Consultation on Performance Issues When the Number of Regions on a TiKV Node Exceeds 50,000

This topic has been translated from a Chinese forum by GPT and might contain errors.

Original topic: 关于一个tikv节点region数量超5万影响性能问题请教

| username: wenyi

The official documentation states that the number of regions on a single TiKV node should not exceed 50,000. In my test cluster with 300GB of data, the number of regions is 20,000. In production with 3TB of data, the number of regions on a single TiKV node is close to 200,000. Will this affect performance?

| username: dba远航 | Original post link

It is recommended to increase the REGION size or add more TIKV nodes.

| username: wenyi | Original post link

How many TiKV nodes do you usually have for producing 5TB of data?

| username: tidb菜鸟一只 | Original post link

Refer to the optimization here: 海量 Region 集群调优最佳实践 | PingCAP 文档中心
The main issue is that PD needs to record all the region information and keep refreshing it. If there are too many regions, it can easily cause PD to fail to obtain region information in a timely manner.

| username: 托马斯滑板鞋 | Original post link

Are there 22,000 regions for just 300GB? Are there many tables? :thinking:

| username: chenhanneu | Original post link

I looked at a set of libraries for operations and maintenance, with a single KV over 300GB and corresponding to 40k regions per single KV. Is this normal? There are fewer than 100 tables.

| username: wenyi | Original post link

Around 500 tables.

| username: wenyi | Original post link

Your cluster is approaching 50,000 regions.

| username: xingzhenxiang | Original post link

Compared to mine, the data is much less.

| username: 托马斯滑板鞋 | Original post link

Why do you have so many regions? Based on a single region being 96MB, it should be less than 5k :joy: (unless there are many separate tables).
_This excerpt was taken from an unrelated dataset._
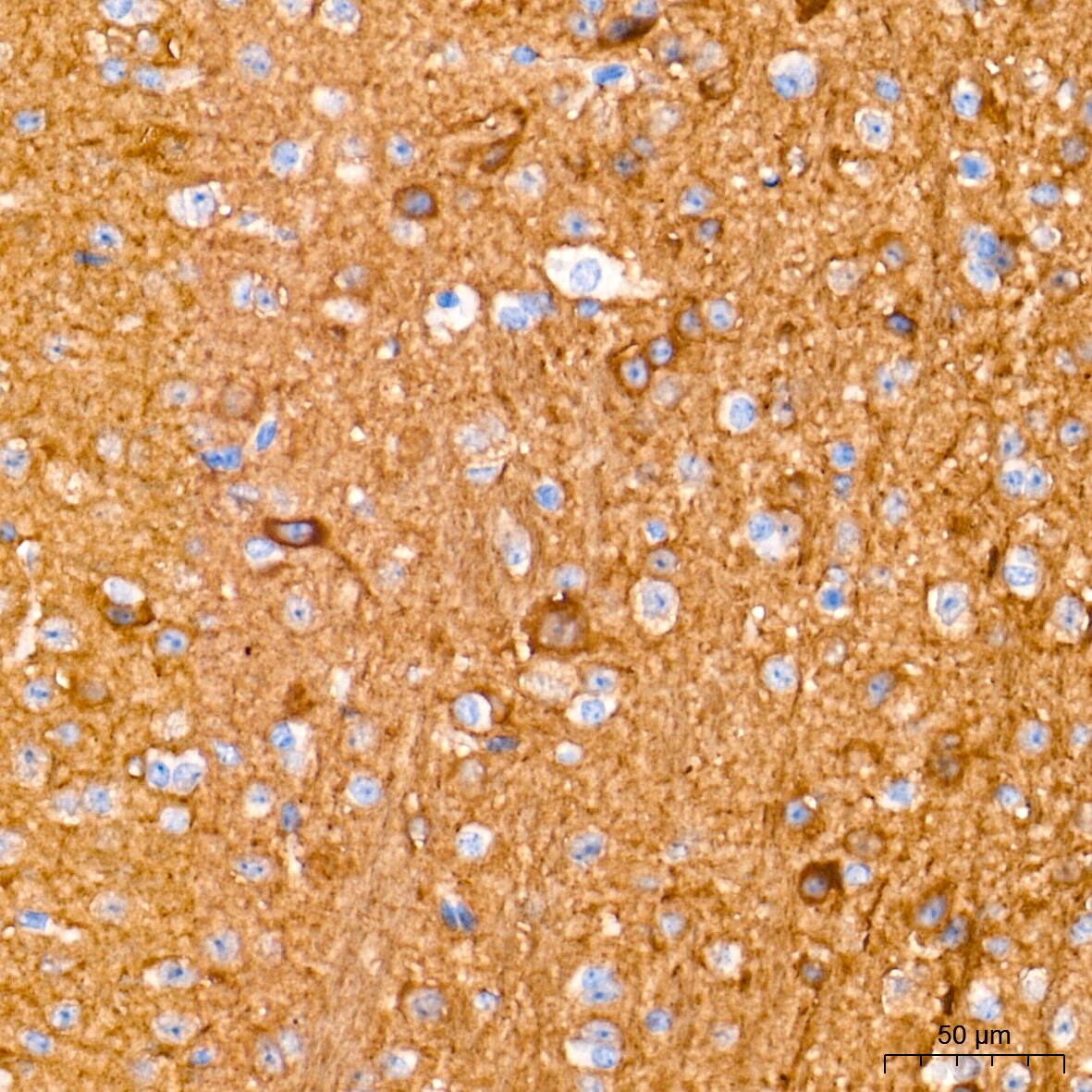 Enolase 2/Neuron-specific Enolase Antibody (9B4Y4)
| username: TiDBer_jYQINSnf | Original post link

300G of data, 50,000 regions, was this done on purpose?
Our production cluster has around 1.5TB and only has forty to fifty thousand regions.
Having too many regions leads to excessive heartbeats and raft messages, wasting a lot of resources.

| username: Jellybean | Original post link

In my impression, clusters after v4.0 have the silent region feature enabled by default, which reduces the frequency of heartbeat messages between regions. Therefore, as long as the entire cluster’s data is not being read and written frequently, the overall cost of maintaining tens of thousands of heartbeats should still be relatively low.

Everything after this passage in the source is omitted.